Her gaze slowly slid upward, assessing. Muscled thighs. Narrow hips. A broad chest that stretched on forever. Gray eyes as stormy as the sky flashing above.
Gradually, she realized his lips were moving. He was shouting. At her. As if she had been the one in error. As if she were to blame for his wild, reckless riding, for his total disregard for human life.
His dark slashing brows dipped into a frown. “What’s wrong with you?” he thundered. “Are you dim-witted? Did you not hear me approach?”
She closed her sagging mouth with a snap. Looking at his lean, ruthless face, her temper flared.
The utter gall. Not an ounce of accountability. Not a hint of contrition or apology. Not even a hand to help her to her feet. He was a primitive—a snarling beast. Totally out of control.
She eyed his clothing: buff trousers, wool brown waistcoat, black Hessians. Decent quality. Wet but clean. Mud-free. The heavy black cloak swirling about him looked deliciously warm. He twitched a riding crop against a very solid looking thigh and she couldn’t help thinking he wished to use it on her.
“Come now,” he coaxed with a breeziness that his storm-cloud eyes belied. “Can you not speak, little Miss Mud Pie?”
Miss Mud Pie?
Her hands fisted into the mud surrounding her, sinking deeper, indifferent to the slime infiltrating the worn cambric of her gloves and sliding thickly beneath her fingernails.
First he nearly killed her.
Now he mocked her.
It was not to be borne. Pulling her bottom lip between her teeth in a determined hiss, she launched a fistful of mud directly at his face, praying her aim proved true.
Chapter 2
The mud slapped the stranger in the cheek, splattering across his nose and mouth with a resounding smack.
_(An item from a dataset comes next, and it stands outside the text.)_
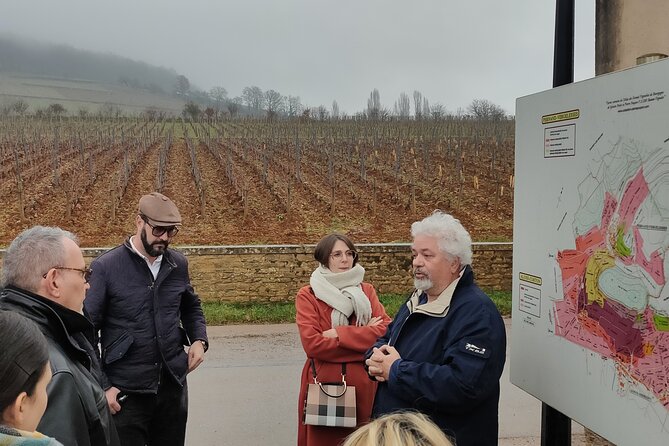 Burgundy Grand Crus Route Day Tour - 14 Wines Tastings in Domains - Divine Bourgogne Tours: the first domain tasting in Beaune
A lovelier sight she had never seen.
Her satisfaction, however, was short-lived. The look he leveled on her turned her blood to ice.
Panicked, certain he meant to turn the riding crop on her, she struggled to her feet. Squaring her shoulders, she smoothed her gloves, which would never again resemble their former pristine white, over drenched skirts and attempted to strike a dignified pose. To resemble a lady. Even covered head to foot in mud.
Prepared to look him dead in the eye and show him she was no cringing female, she lifted her chin. And blinked. Twice.
Her head barely topped his chin. Unease skated down her spine. She usually looked men in the eye. A definite advantage when intimidating prospective suitors. However, something told her this man did not bow to intimidation.